Print the records below exactly, with no pictures.

#### The data ####

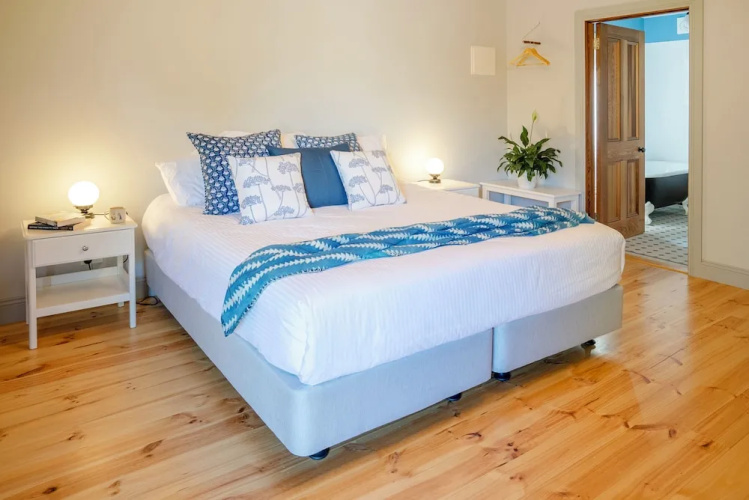 Willunga Gallery Cabins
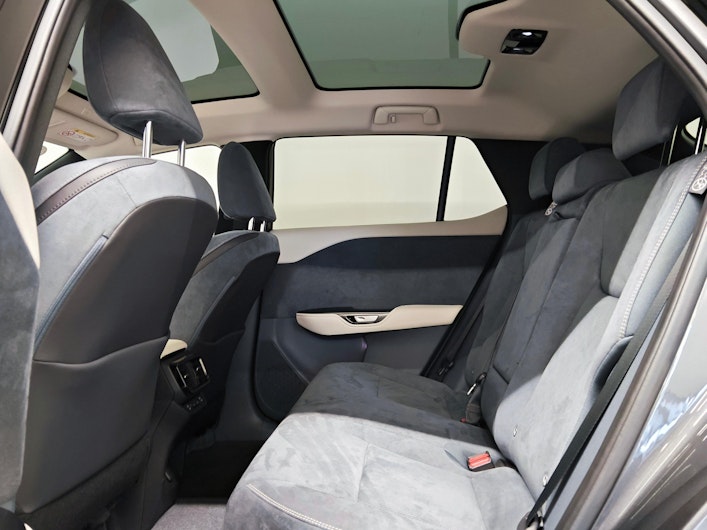 Vehicle image LEXUS RZ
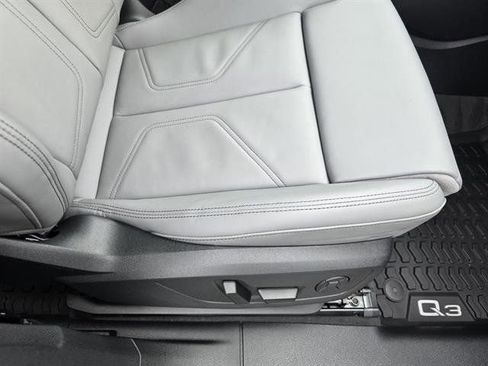 New 2025 Audi Q3 2.0T Premium image 15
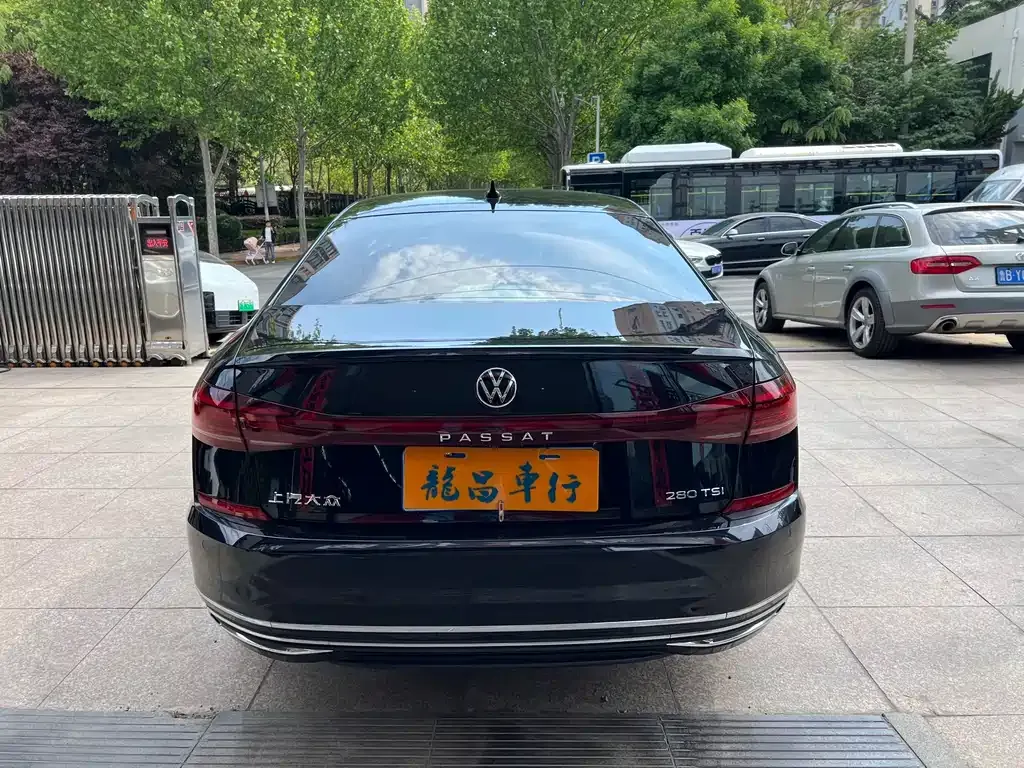 Volkswagen Passat — фото 5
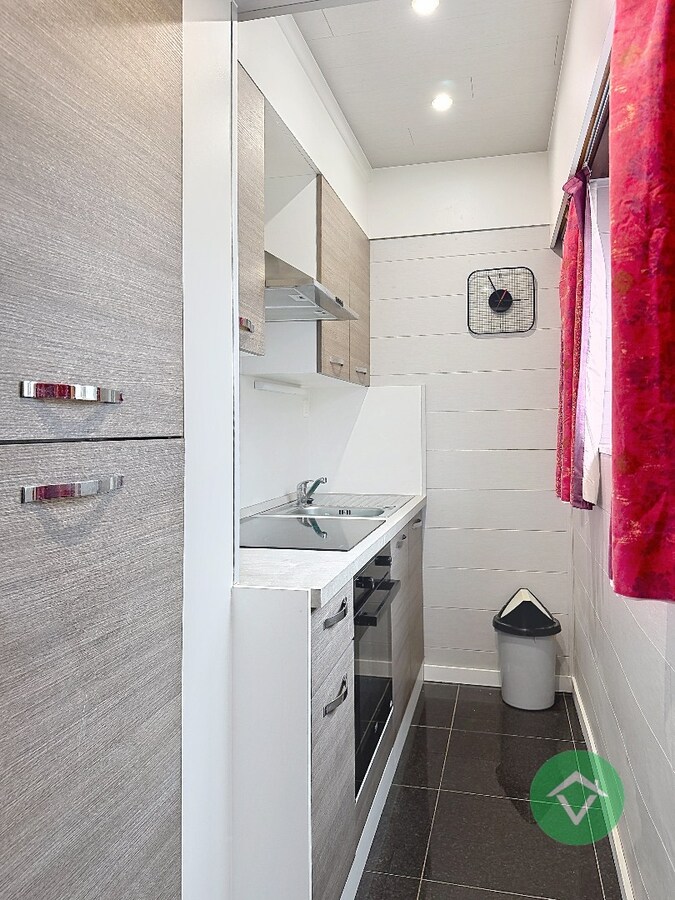 Bemeubelde studio met zicht op het Normandpark te Middelkerke 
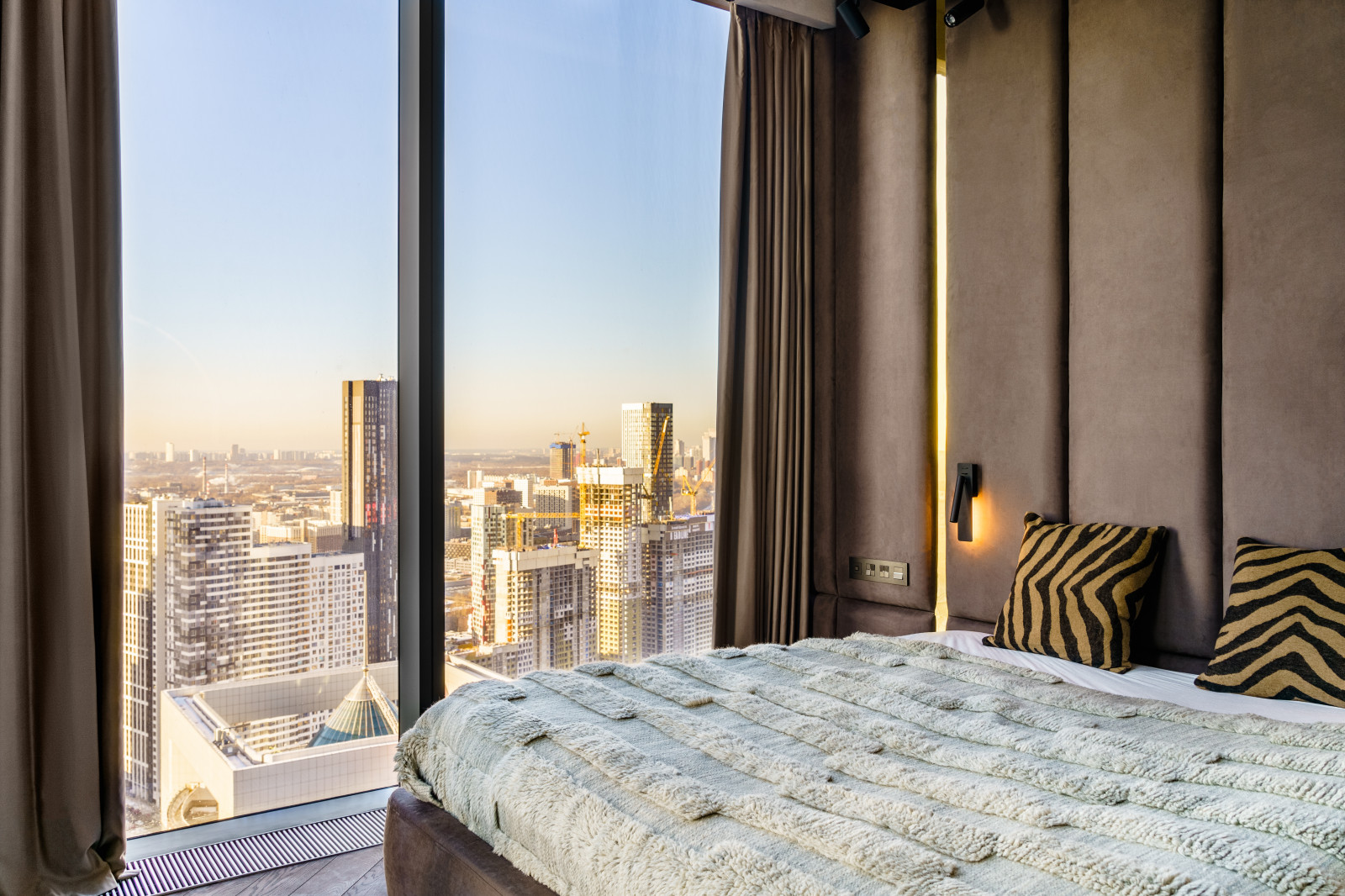 Апартаменты в Нева Тауэрс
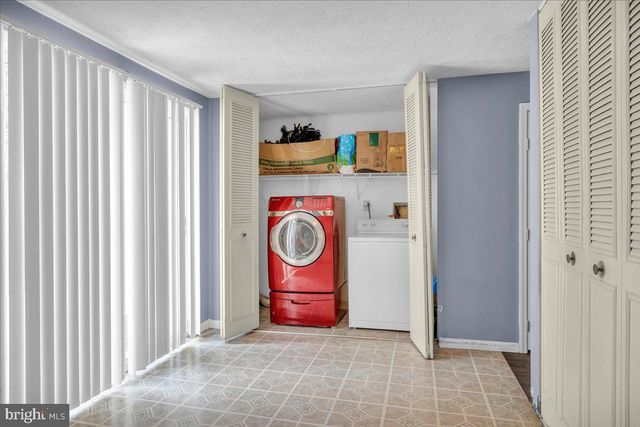 195 VILLA KNOLL CT, Sicklerville, NJ 08081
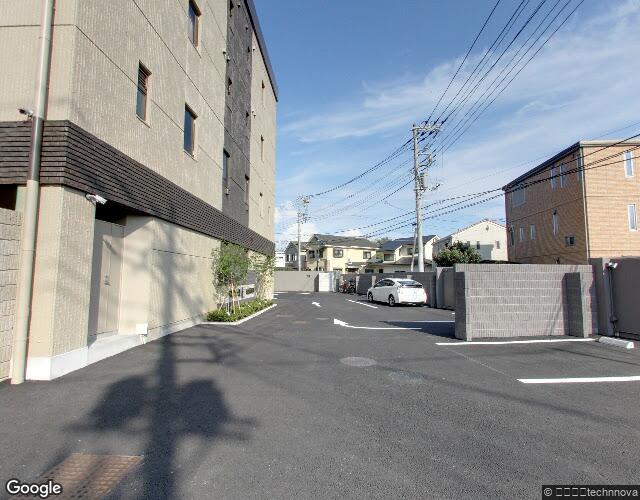 現代楽園 大和店 右側からの外観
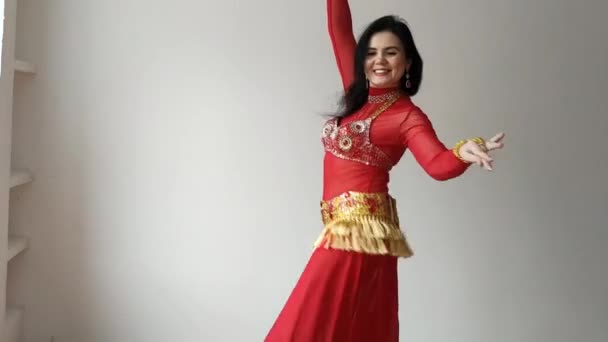 Une Danseuse Costume Rouge Danse Une Danse Orientale Sur Fond — Video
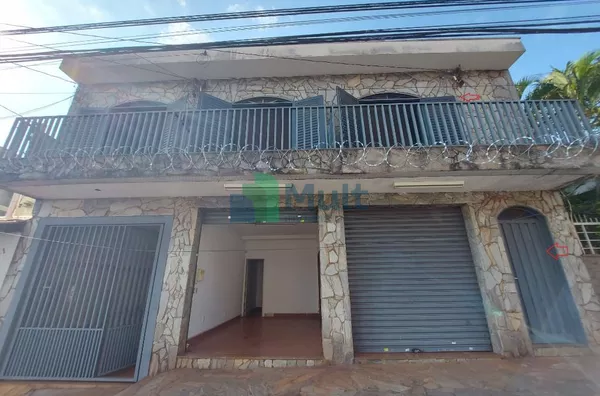 Salão Comercial em ótima localização no Centro da Cidade com 80m² .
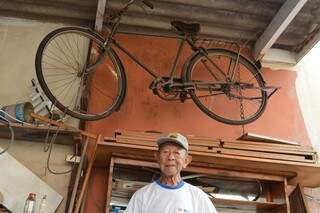 Companheira de estrada, a bicicleta Royal 1954 de Francisco é motivo de orgulho para o marceneiro (Foto: Kimberly Teodoro)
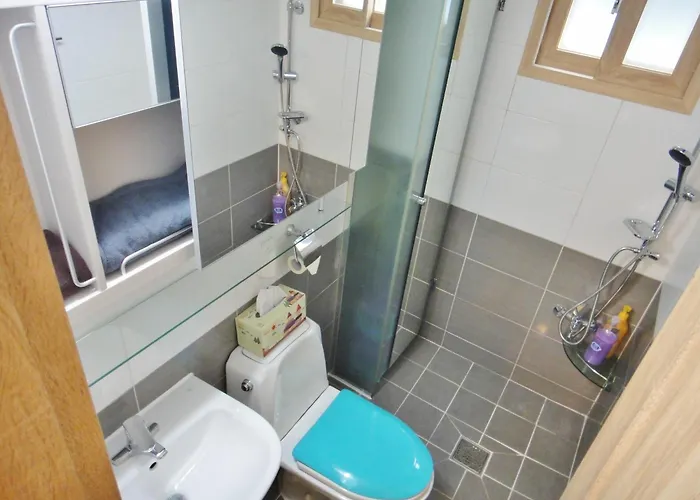 Your Beautiful Nest In Hongdae, Cosy & Memorable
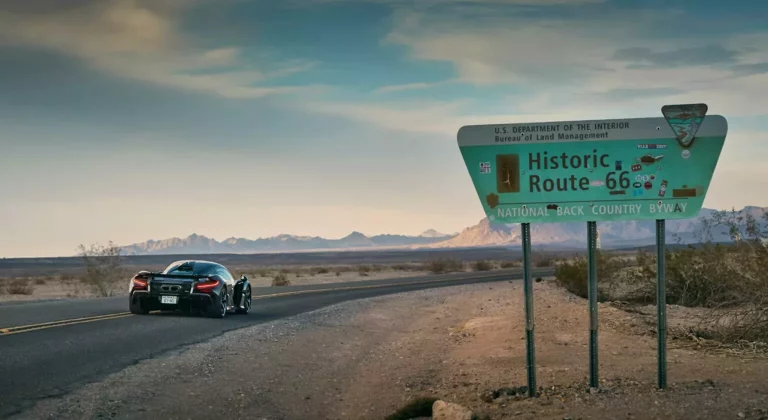 McLaren envía dos ‘mulas’ de su imponente W1 a tostarse al sol de Arizona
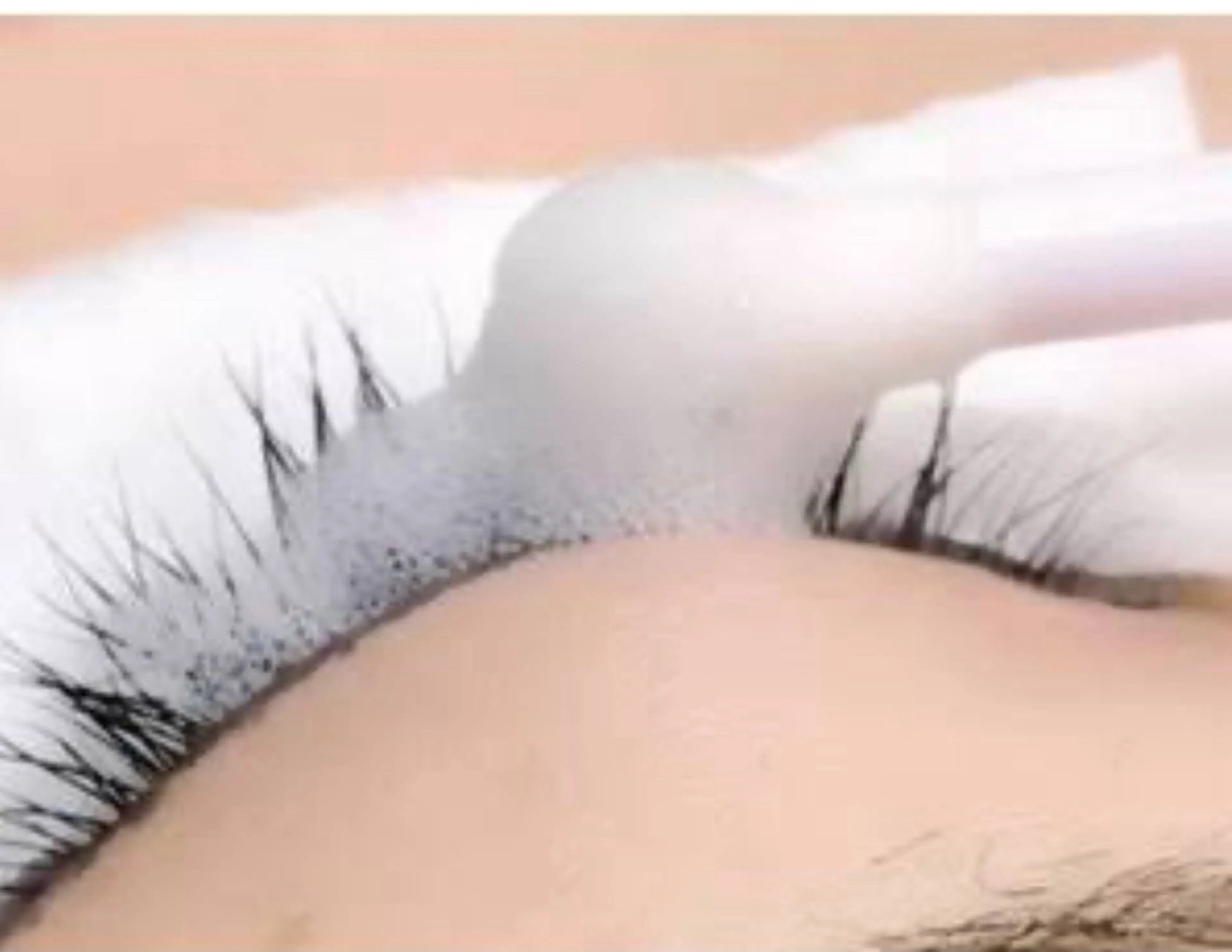 マツエクオフ（アイシャンプー&コーティング美容液付き）の写真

####

### [Result]
 Willunga Gallery Cabins
 Vehicle image LEXUS RZ
 New 2025 Audi Q3 2.0T Premium image 15
 Volkswagen Passat — фото 5
 Bemeubelde studio met zicht op het Normandpark te Middelkerke 
 Апартаменты в Нева Тауэрс
 195 VILLA KNOLL CT, Sicklerville, NJ 08081
 現代楽園 大和店 右側からの外観
 Une Danseuse Costume Rouge Danse Une Danse Orientale Sur Fond — Video
 Salão Comercial em ótima localização no Centro da Cidade com 80m² .
 Companheira de estrada, a bicicleta Royal 1954 de Francisco é motivo de orgulho para o marceneiro (Foto: Kimberly Teodoro)
 Your Beautiful Nest In Hongdae, Cosy & Memorable
 McLaren envía dos ‘mulas’ de su imponente W1 a tostarse al sol de Arizona
 マツエクオフ（アイシャンプー&コーティング美容液付き）の写真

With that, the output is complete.